Back in pod one, on his ‘one final test’ Brody believed wholeheartedly he was ready. As on all six hundred and sixty-five previous tests, regardless of minor resultant data conflict, he had always got one hundred percent categorical physical success.
Why then was he suddenly feeling sick to his stomach and reeling within the pod? Before he could answer this question or his gut could regurgitate his breakfast, he passed out cold and fell to the floor. An unknown period of time passed… He eventually awoke and got shakily to his feet.
The sweat was dripping from his brow as the mag-lock on the transportation pod door spun, finally clicked and the door slid back. A wave of emotion coursed through his system and he felt faint again as he realised he wasn’t back in his lab or even in the return pod where he should’ve been. He was still in pod one and it was the outside environment that seemed to have changed. This was a fact that contradicted all his understanding of the science he was trying to further. Both pods were bolted down to their earthing plates and so couldn’t move.
Brody, dazed, automatically tried to comfort himself with humour and spoke aloud with a mixture of sarcasm and worry.
“Did the Earth move for you, babe?” With nobody there to hear his jest, he couldn’t even muster a smile himself in response to his frivolous question and so stared blankly out of the pod. Neither his normal predilection for humour nor the habitual thinking about Charley were of any comfort now. He’d fallen head over heels the day they met but despaired at the chance of her ever reciprocating the feeling.
He heaved a huge sigh of ‘no going back now’ proportions, then very tentatively took his first Armstrong-esque small step out of the pod. He definitely wasn’t mentally prepared for the giant leap into the complete unknown that he was just about to take…
Incredibly, what he now saw in front of him as he stepped outside of the pod was a wide beach scene with what looked like a huge Viking ship in the distance.
“What the f…?” he said it out loud, but his words trailed away to nothing.
Taking a moment or two to steady himself from the dizzy experience, he stepped cautiously further out. With his feet in casual loafers he sank into the crisp sugary sand.
‘It’s real’. The mere thought was astounding let alone the reality.
“It’s actually REAL!” His anxious thoughts spilled from his lips now but still he bent and touched the sand in disbelief, running his fingers through it like an excited child, a child at the seaside for the first time, having never seen the sea let alone a Viking ship. It wasn’t excitement he had felt though.

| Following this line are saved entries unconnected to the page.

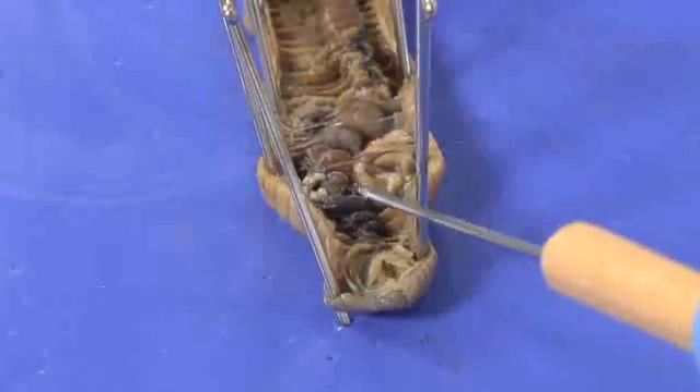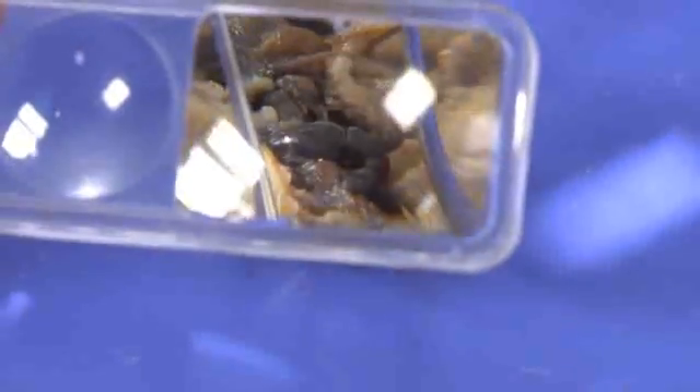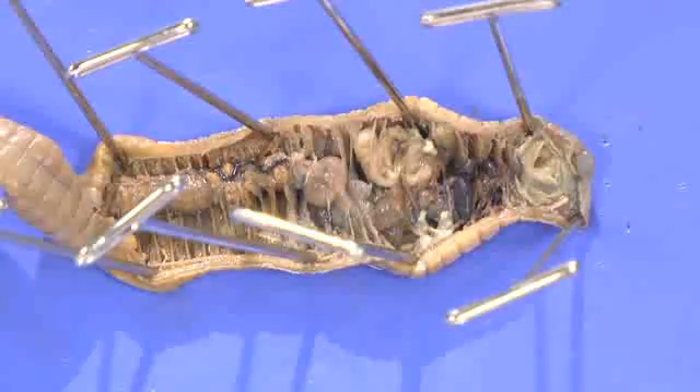Now I'm able to see the aortic arches. These act as the earthworm's hearts. I'm going to check the other organs that make up the circulatory, digestive, excretory, and reproductive systems of the worm, and make drawings and notes in my science journal.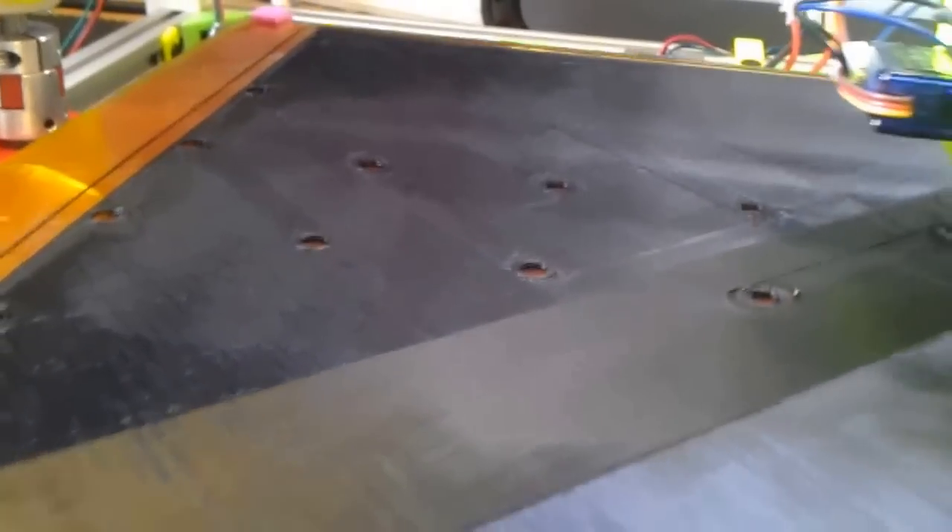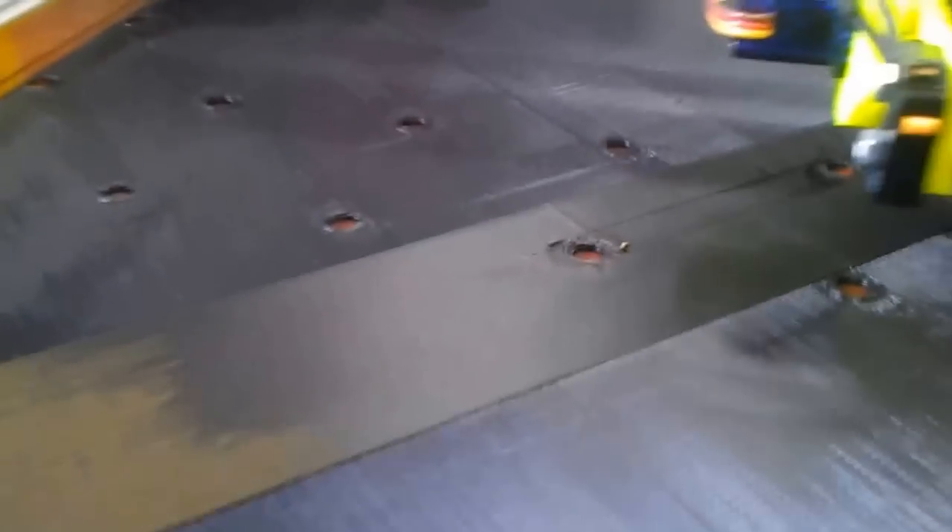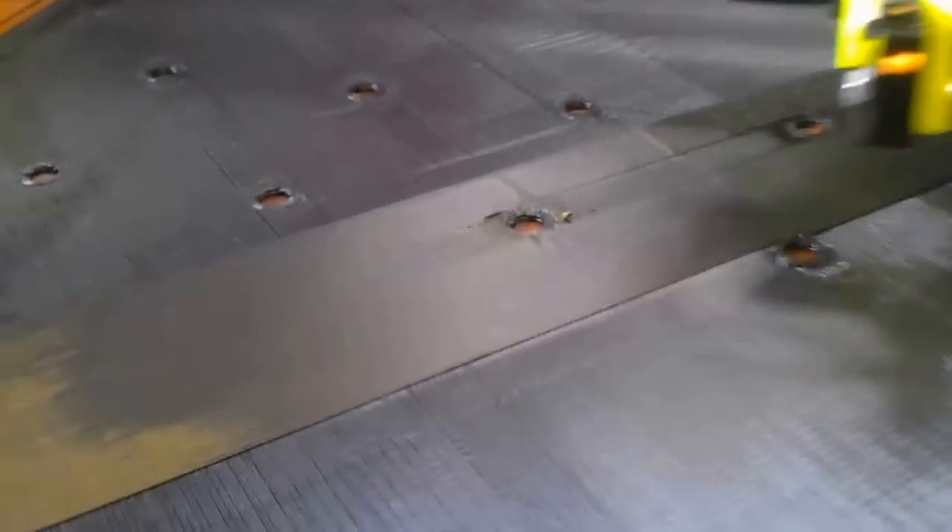I've got some aluminium sheets coming now, so that should solve the problem. But as you can tell, I've still not quite got the printer settings correct. I'm getting a lot of bubblage actually on the print itself.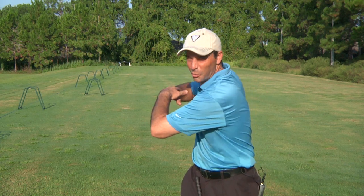I got a really good one for you. This is going to help your game a lot. Everybody knows that you have to make a great shoulder turn, a really big shoulder turn, to have a consistent and powerful golf swing.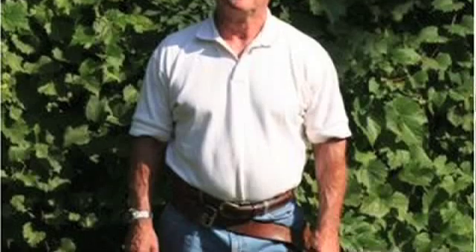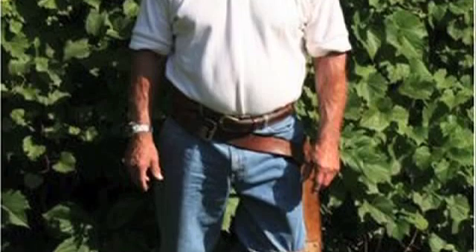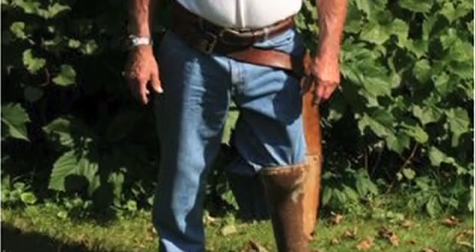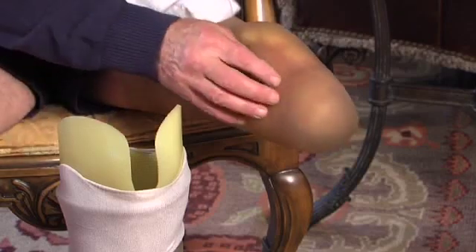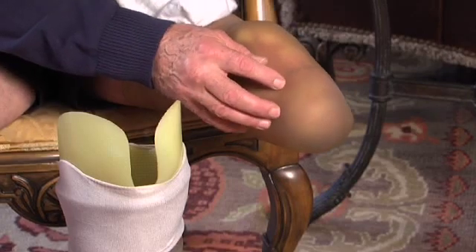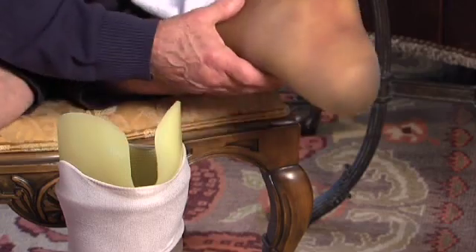I've been an amputee for 54 years and I've worn everything from what was available from World War II to present. A lot of the issues came from socket technology — the shearing, the high load pressures, the dissemination of forces not being gradual. So I developed a urethane liner system that you wear rather than a sock, and that goes inside the prosthesis and acts as a shock absorber and a buffer between you and the rigid socket.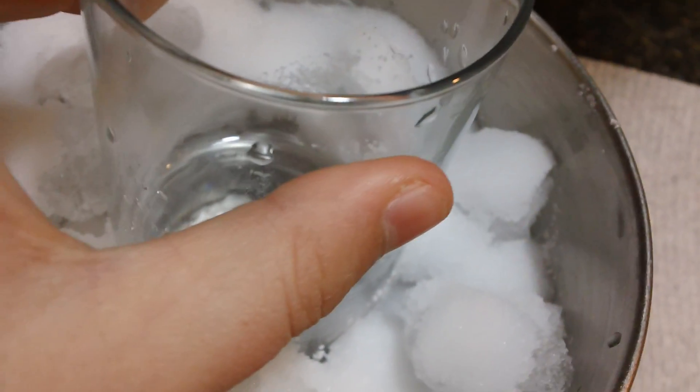I'm going to get a paper towel so I don't get salt all over the place. And I am going to take the glass lightly out, being careful not to shake it around. It seems like the glass is stuck to the ice.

This was just not right. He knew only too well that he should, by rights, still be in his lab returning from a twenty-five second, two-billion-mile phased transportation that he had successfully completed so many times before.
‘What’s happened? What could possibly have gone wrong?’ As he started to try to compute the possibilities while thoughts were randomly jostling for position in his mind, he was promptly interrupted by the sound of the transportation pod door beginning to slide shut behind him. Letting go of all the computations, he turned to see the whole pod fading from vision, he desperately dived goalkeeper-like; clutching at the disintegrating image he grabbed only air as he landed firmly on the soft, warm sand where the pod had previously stood.